I read a blog recently where the young 20-something author said that she appreciates loneliness & pain because at least she knows she’s alive at those moments.

Mike and I were savoring a coffee at one of Historic Waynesville’s ‘café-cum-curio’ boutiques when I asked him how he thought this gal might describe the OPPOSITE of her painful – but alive times.  He offered that maybe she lived depressed in the Ecclesiastes-type sense (Life is meaningless, even and ESPECIALLY after you’ve tasted all of Life’s goodies).  And that pain (perhaps she’s a cutter??) is welcome in the midst of the numbness of depression.

These reflections on pain, aliveness & deadness nestled themselves in the midst of some recent thoughts on ‘blah-ness’.

I’m a peppy, perky optimist 95 % of the time, but the other day I was feeling blah.  Zero perkiness as in “I’m excited about XYZ!”  I wasn’t excited about ANYTHING.

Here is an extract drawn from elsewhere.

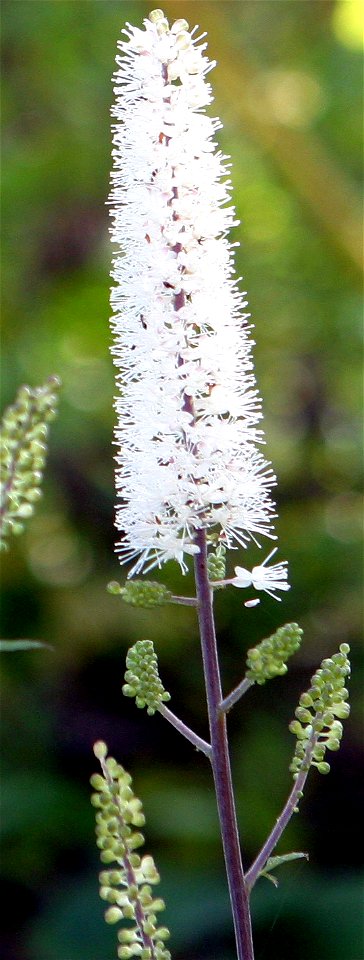 Self made picture of flowers of Cimicifuga ramosa. A collection of flowers forming an inflorescence.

But, God be praised, because of some readings that the Holy Spirit has led me through in recent years, I was able quickly to remember and apply one of CS Lewis’ philosophies:

“The Christian says, ‘Creatures are not born with desires unless satisfaction for those desires exists. A baby feels hunger: well, there is such a thing as food. A duckling wants to swim: well, there is such a thing as water. Men feel sexual desire: well, there is such a thing as sex. If I find in myself a desire which no experience in this world can satisfy, the most probable explanation is that I was made for another world. If none of my earthly pleasures satisfy it, that does not prove that the universe is a fraud. Probably earthly pleasures were never meant to satisfy it, but only to arouse it, to suggest the real thing. If that is so, I must take care, on the one hand, never to despise, or to be unthankful for, these earthly blessings, and on the other, never to mistake them for the something else of which they are only a kind of copy, or echo, or mirage. I must keep alive in myself the desire for my true country, which I shall not find till after death; I must never let it get snowed under or turned aside; I must make it the main object of life to press on to that country and to help others to do the same.”
C.S. Lewis, Mere Christianity

When the blahs DO strike, we can console ourselves with the truth that SOON, we will be in a land where there are NO blahs.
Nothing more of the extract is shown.